Task prompt:
Print, with no pictures, the exact lines that run from the one containing "3009 LIVE OAK LANE, Palmetto, FL 34221" through the last line of the material below, both ends included.

Given entries:
____________

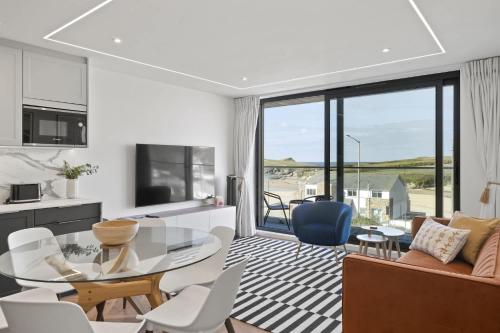 Luxurious Apartment Balcony & Sea Views Parking – khách sạn tại Porth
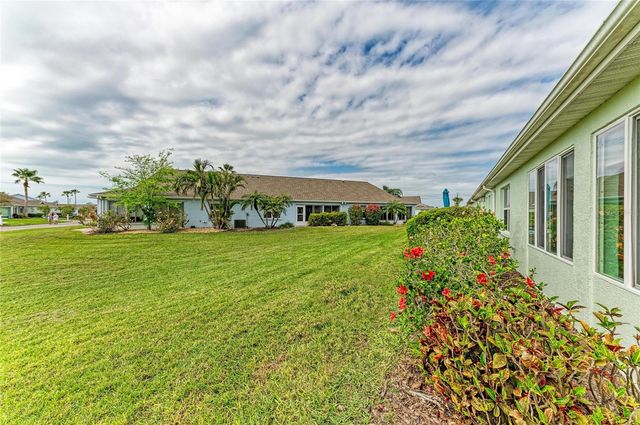 3009 LIVE OAK LANE, Palmetto, FL 34221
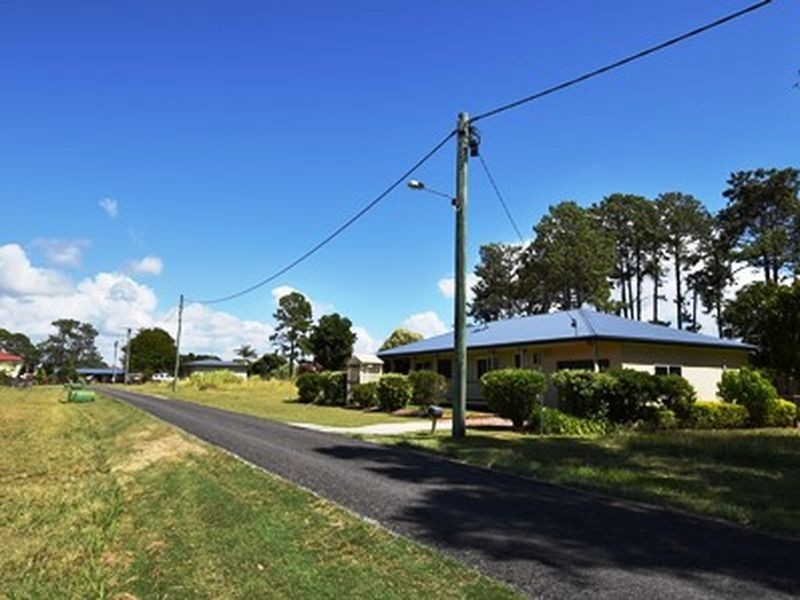 13 Grevillea St, Russell Island QLD 4184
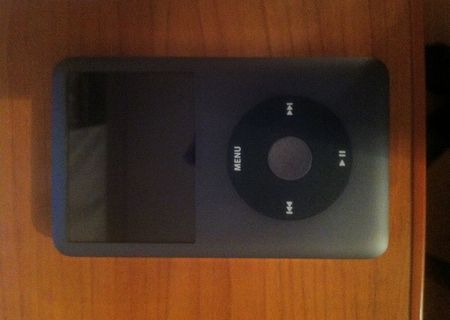 iPod Classic 160 GB Aproape ** NOU**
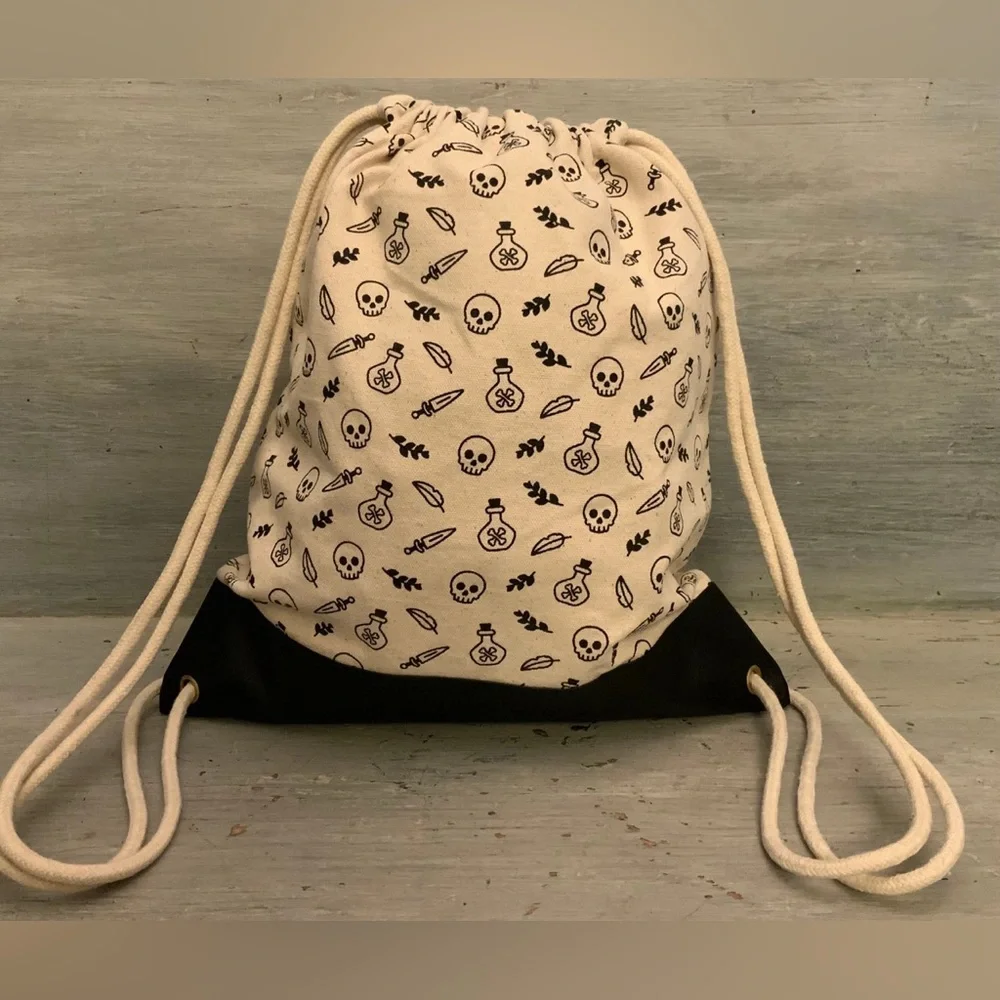 Skull Crossbones Poison Bottle Print‎ Canvas Drawstring Backpack Black Faux GC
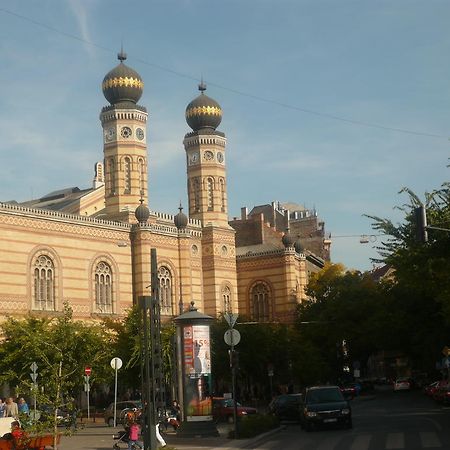 Museum View Apartment Budapeste Exterior foto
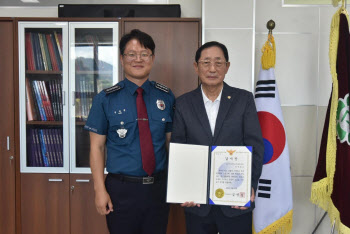 알몸으로 여고 들어가려던 남성…배움터지킴이가 막았다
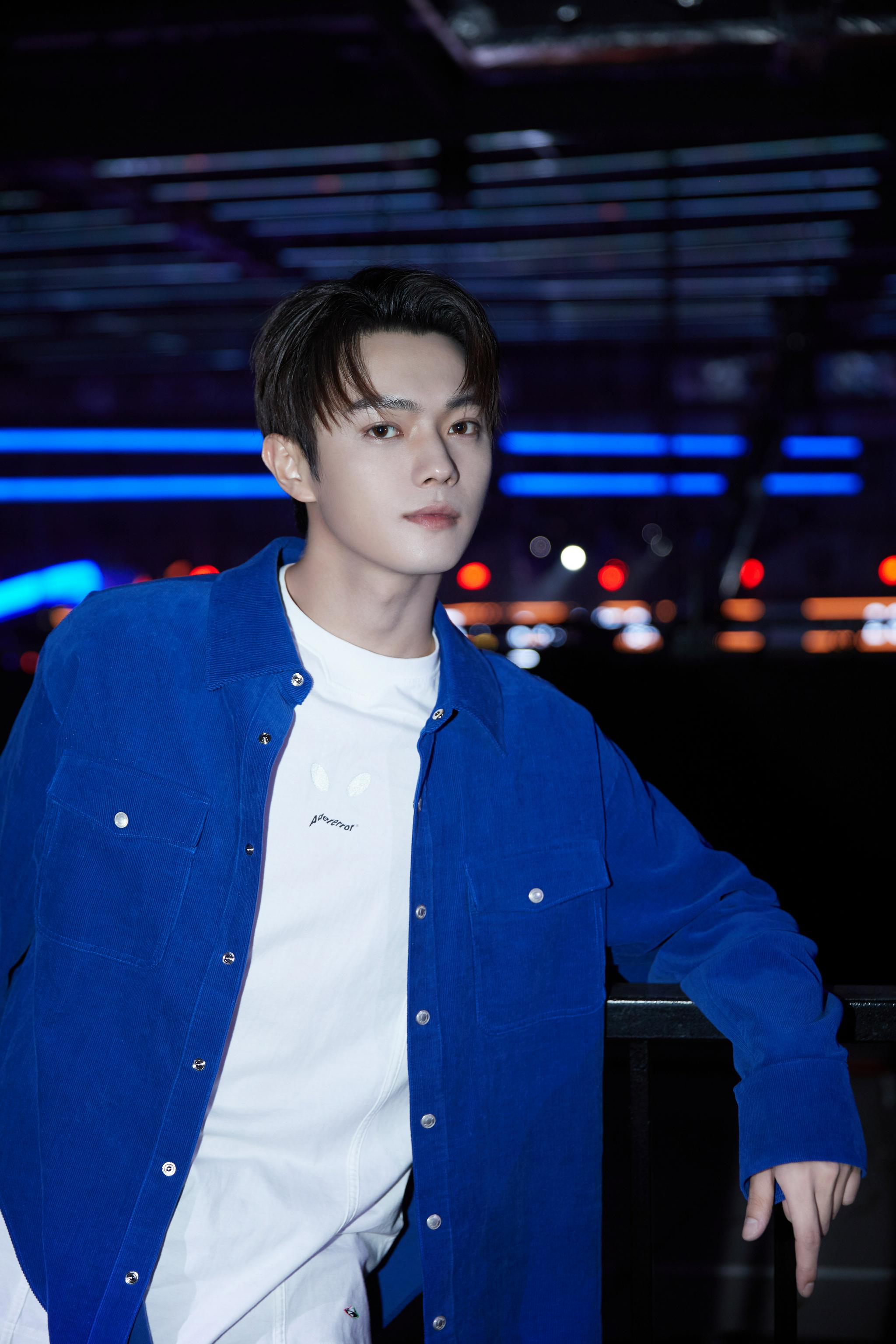 欢娱影视演员许凯soso今日出席平安京opl明星表演赛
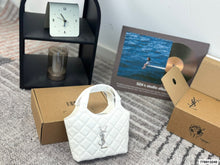 Load image into Gallery viewer, YSK450 Saint Laurent  New Model / 17X14CM
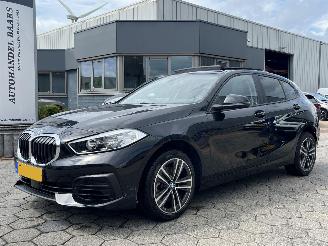 krockskadad bil auto BMW 1-serie 116i SPORT AUTOM PANO 2023/9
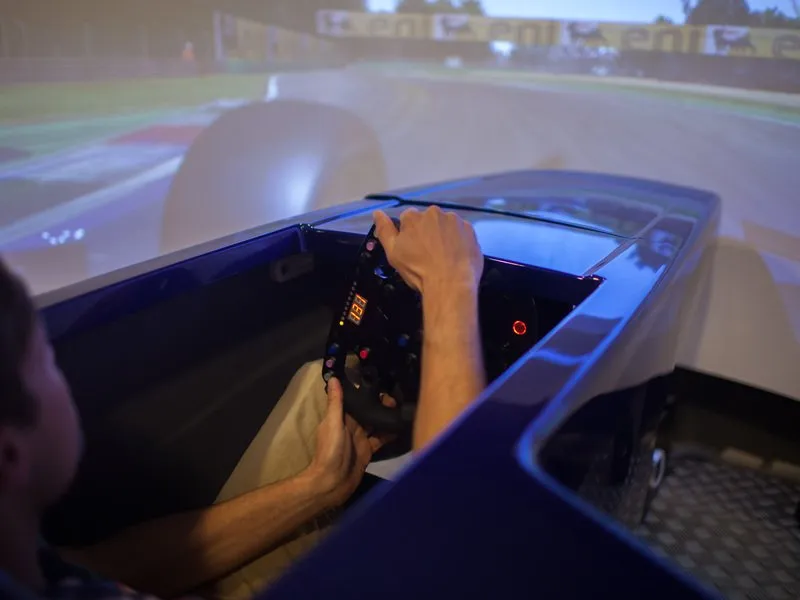 Závodní simulátor Formule 1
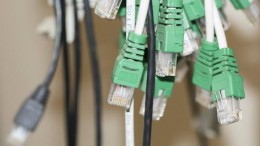 Internetcontracten van telecombedrijven te onduidelijk, vindt ACM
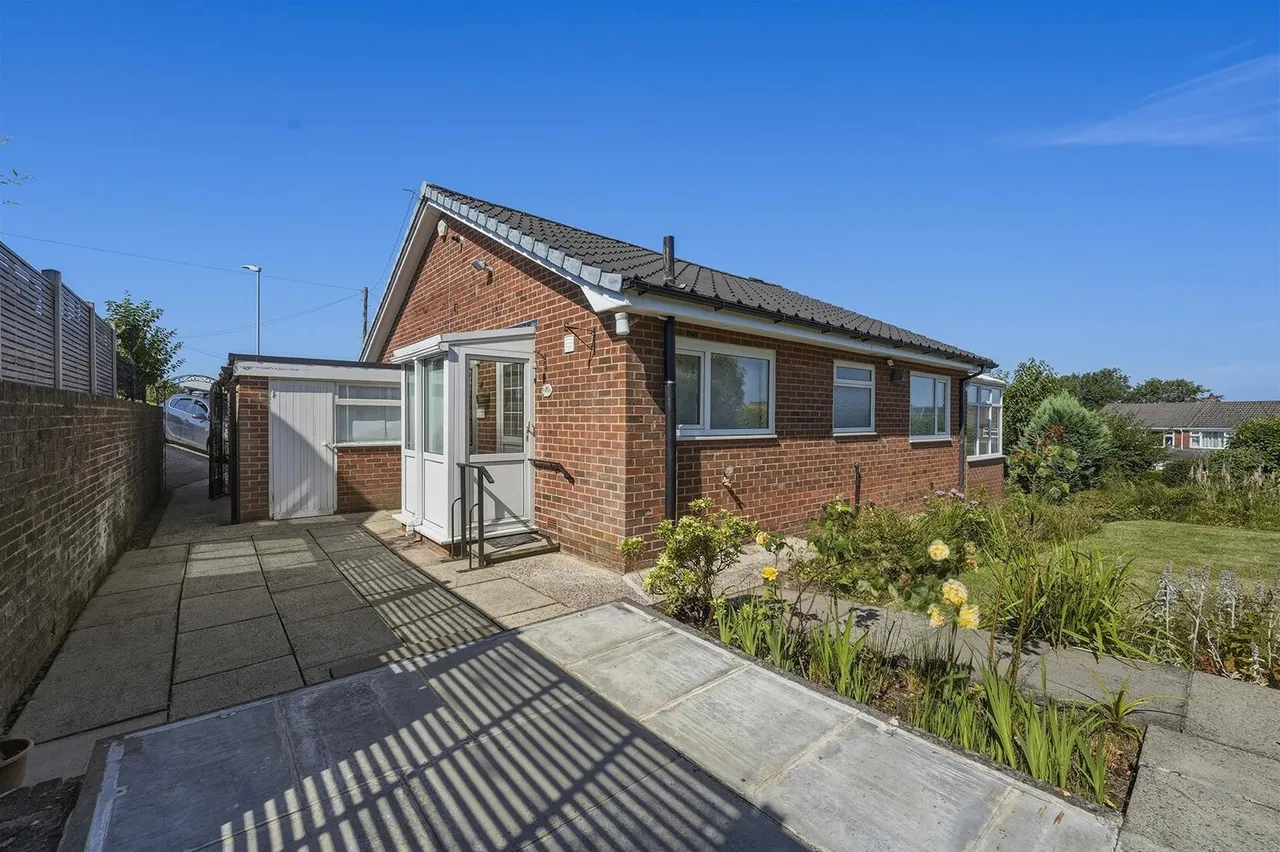 Birchway, Bollington, photo 32
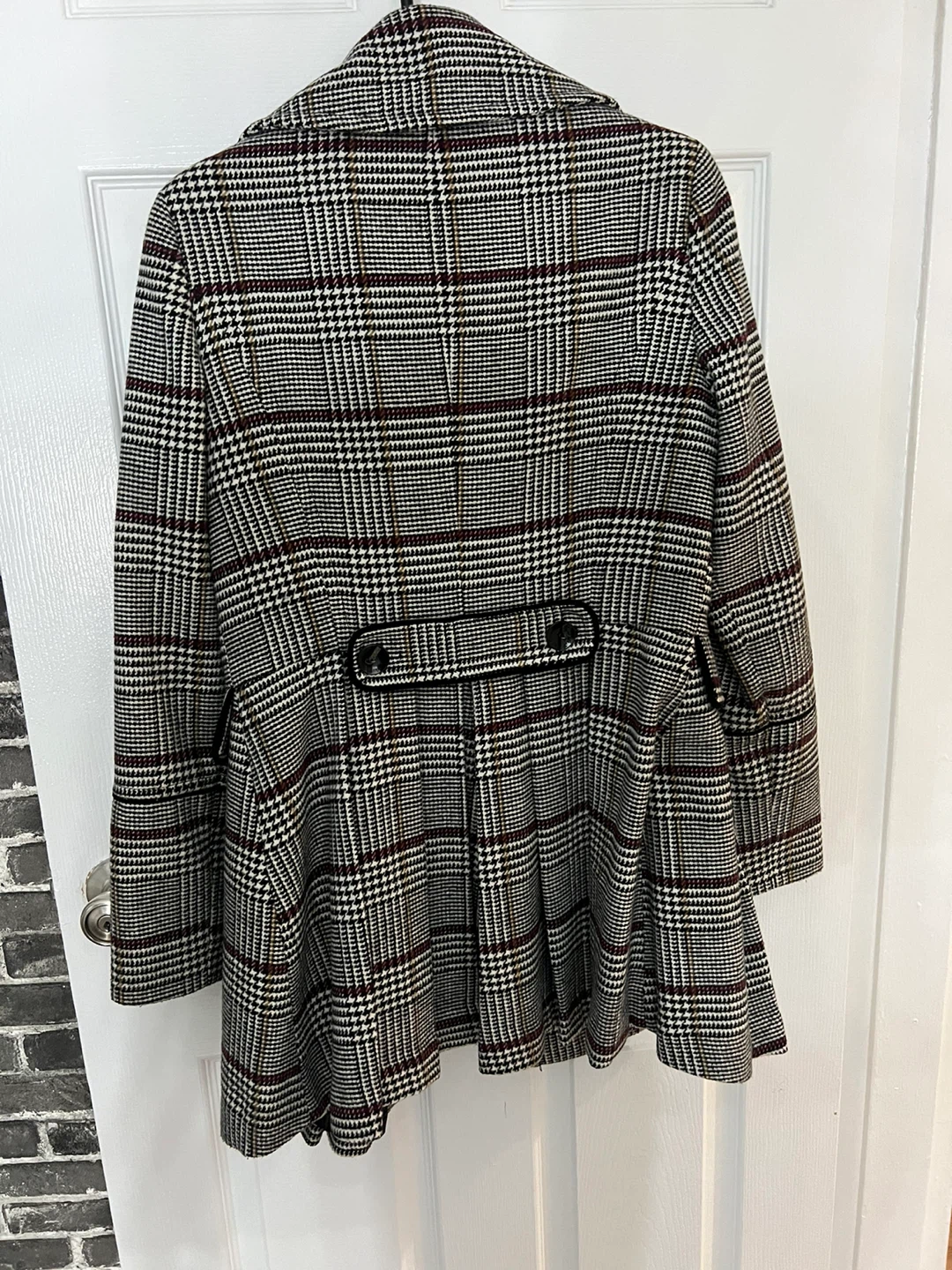 Ivanka Trump Plaid Double-Breasted Peplum Coat Size 6 - photo 2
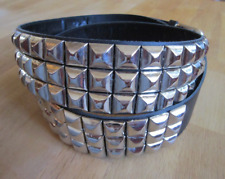 Ledergürtel mit Pyramidennieten 3-reihig Nietengürtel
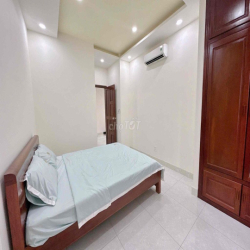 CHO THUÊ NHÀ 2 LẦU FULL NỘI THẤT KHU DÂN CƯ NAM LONG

____________

Exercise response:
 3009 LIVE OAK LANE, Palmetto, FL 34221
 13 Grevillea St, Russell Island QLD 4184
 iPod Classic 160 GB Aproape ** NOU**
 Skull Crossbones Poison Bottle Print‎ Canvas Drawstring Backpack Black Faux GC
 Museum View Apartment Budapeste Exterior foto
 알몸으로 여고 들어가려던 남성…배움터지킴이가 막았다
 欢娱影视演员许凯soso今日出席平安京opl明星表演赛
 Load image into Gallery viewer, YSK450 Saint Laurent  New Model / 17X14CM
 krockskadad bil auto BMW 1-serie 116i SPORT AUTOM PANO 2023/9
 Závodní simulátor Formule 1
 Internetcontracten van telecombedrijven te onduidelijk, vindt ACM
 Birchway, Bollington, photo 32
 Ivanka Trump Plaid Double-Breasted Peplum Coat Size 6 - photo 2
 Ledergürtel mit Pyramidennieten 3-reihig Nietengürtel
 CHO THUÊ NHÀ 2 LẦU FULL NỘI THẤT KHU DÂN CƯ NAM LONG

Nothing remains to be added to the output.